-- Available data --
+++
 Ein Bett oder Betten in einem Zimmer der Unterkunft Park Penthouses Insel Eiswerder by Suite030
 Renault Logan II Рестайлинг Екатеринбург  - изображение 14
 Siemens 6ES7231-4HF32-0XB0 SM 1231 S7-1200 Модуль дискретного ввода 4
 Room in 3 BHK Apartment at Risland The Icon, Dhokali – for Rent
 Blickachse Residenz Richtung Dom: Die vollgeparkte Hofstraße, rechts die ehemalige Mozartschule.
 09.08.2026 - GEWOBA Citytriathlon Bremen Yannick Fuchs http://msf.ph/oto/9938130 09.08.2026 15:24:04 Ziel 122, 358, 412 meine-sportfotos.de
+++
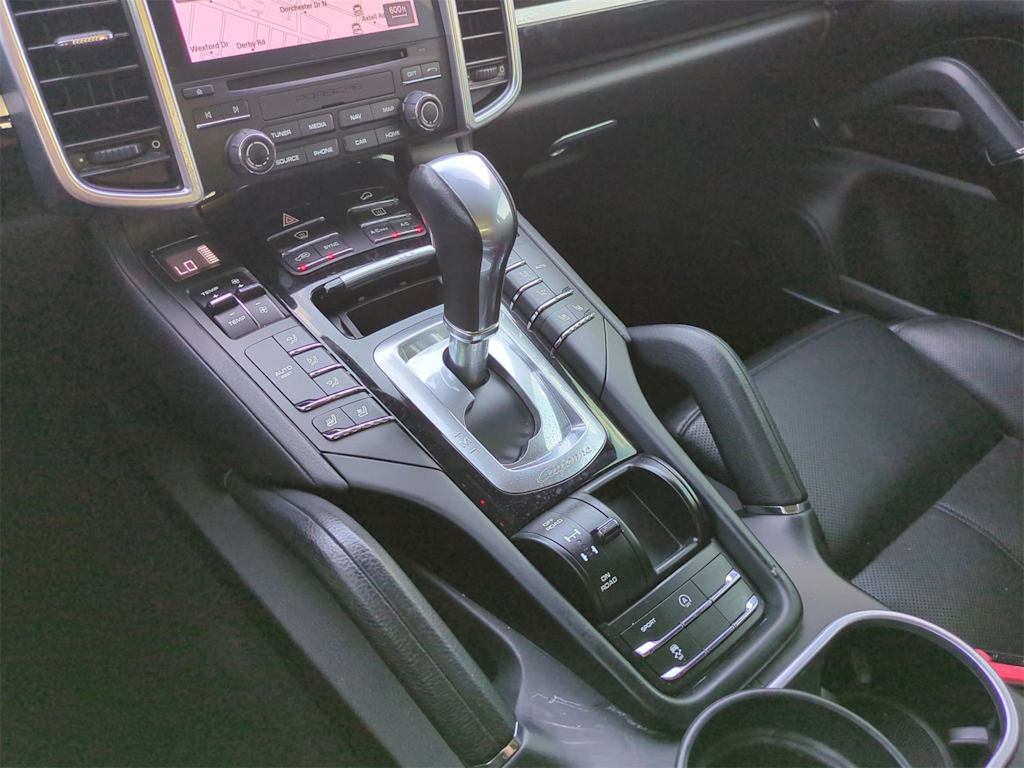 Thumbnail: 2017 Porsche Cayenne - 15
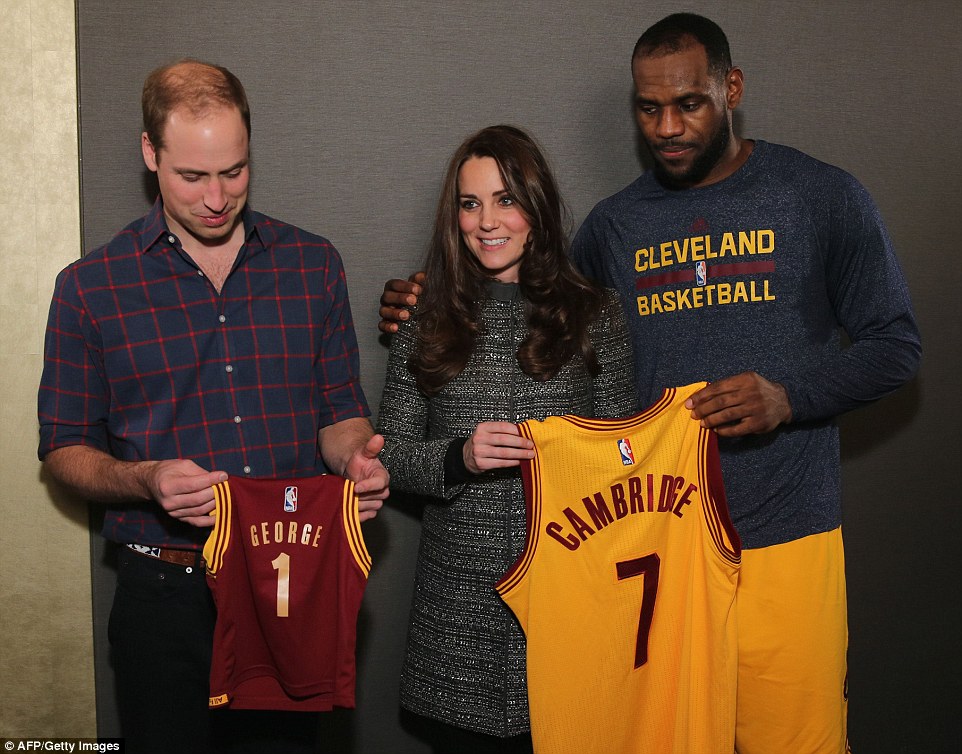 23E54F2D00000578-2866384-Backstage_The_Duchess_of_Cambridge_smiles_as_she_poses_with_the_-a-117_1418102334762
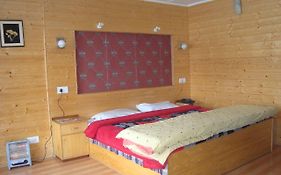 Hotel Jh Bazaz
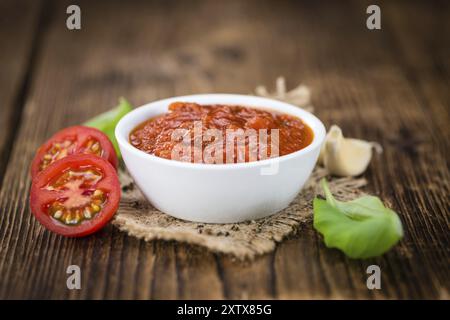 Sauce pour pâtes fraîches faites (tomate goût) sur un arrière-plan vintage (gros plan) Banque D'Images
+++
-- The task --
Skipping every picture, transcribe exactly the lines above from the one containing "Hotel Jh Bazaz" through the one containing "Sauce pour pâtes", both included.

-- Solution to this task --
 Hotel Jh Bazaz
 Sauce pour pâtes fraîches faites (tomate goût) sur un arrière-plan vintage (gros plan) Banque D'Images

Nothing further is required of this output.